# Late Report - Atlantic Highlands NJ



## 30ManStan (May 20, 2006)

Went out of AH on 10/9, 10/10 and 10/11 on the Prowler. Sunday night was an all out slaughter of big blues, all you want 10 pounds and up, chumming fresh bunker, you could not keep them off once your bait was down 15-20 feet. Mates barely needed to toss the chum the blood dripping off the back of the boat was all that was need to maintain interest. We came home 2 hours early, 200-300 hundred blues to show for the trip. We caught all of our fish on light tackle - 6 foot medium action Ugly Sticks with 17 pound cord. 

Next two mornings we were off the bottom fish.
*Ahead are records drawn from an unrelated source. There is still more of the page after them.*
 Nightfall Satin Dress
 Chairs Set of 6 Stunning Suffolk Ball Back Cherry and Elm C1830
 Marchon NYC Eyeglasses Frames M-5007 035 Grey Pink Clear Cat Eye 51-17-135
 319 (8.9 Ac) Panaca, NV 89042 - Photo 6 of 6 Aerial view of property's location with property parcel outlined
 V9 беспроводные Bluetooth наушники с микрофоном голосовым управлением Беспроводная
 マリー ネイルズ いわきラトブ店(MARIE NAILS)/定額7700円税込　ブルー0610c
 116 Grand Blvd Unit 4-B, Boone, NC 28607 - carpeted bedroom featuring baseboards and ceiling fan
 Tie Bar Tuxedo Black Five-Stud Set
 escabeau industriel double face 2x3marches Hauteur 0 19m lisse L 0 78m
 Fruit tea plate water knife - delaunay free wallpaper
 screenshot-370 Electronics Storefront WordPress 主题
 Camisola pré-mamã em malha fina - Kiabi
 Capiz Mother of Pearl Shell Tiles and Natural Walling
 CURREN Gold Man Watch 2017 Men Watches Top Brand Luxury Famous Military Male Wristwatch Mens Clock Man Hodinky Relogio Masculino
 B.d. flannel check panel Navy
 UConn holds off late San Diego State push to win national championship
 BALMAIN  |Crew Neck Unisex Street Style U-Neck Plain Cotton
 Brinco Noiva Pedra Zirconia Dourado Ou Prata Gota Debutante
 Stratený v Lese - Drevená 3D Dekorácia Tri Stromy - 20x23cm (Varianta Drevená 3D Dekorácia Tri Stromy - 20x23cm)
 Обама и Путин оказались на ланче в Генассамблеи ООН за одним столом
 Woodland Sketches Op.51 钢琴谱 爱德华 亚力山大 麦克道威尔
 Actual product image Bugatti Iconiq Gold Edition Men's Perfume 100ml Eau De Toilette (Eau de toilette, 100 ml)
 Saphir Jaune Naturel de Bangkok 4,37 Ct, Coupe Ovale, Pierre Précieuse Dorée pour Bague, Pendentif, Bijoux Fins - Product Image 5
Me an my Dad bagged about 20 keepers per day, a tog a piece and the rest were tasty porgies. The bite was non-stop, the trick was figuring out when to set the hook. The small fish were on us like stink on poop, I rebaited somewhere around 300 - 500 times on Monday. Mates said 20 people used 7 bushels of bait clams - Wow. Tuesday we did not have that problem, thankfully. Great trip and the weather could not be beat.

Stan


----------



## RuddeDogg (Mar 20, 2004)

Sounds like ya had a great trip Stan. Congrats.


----------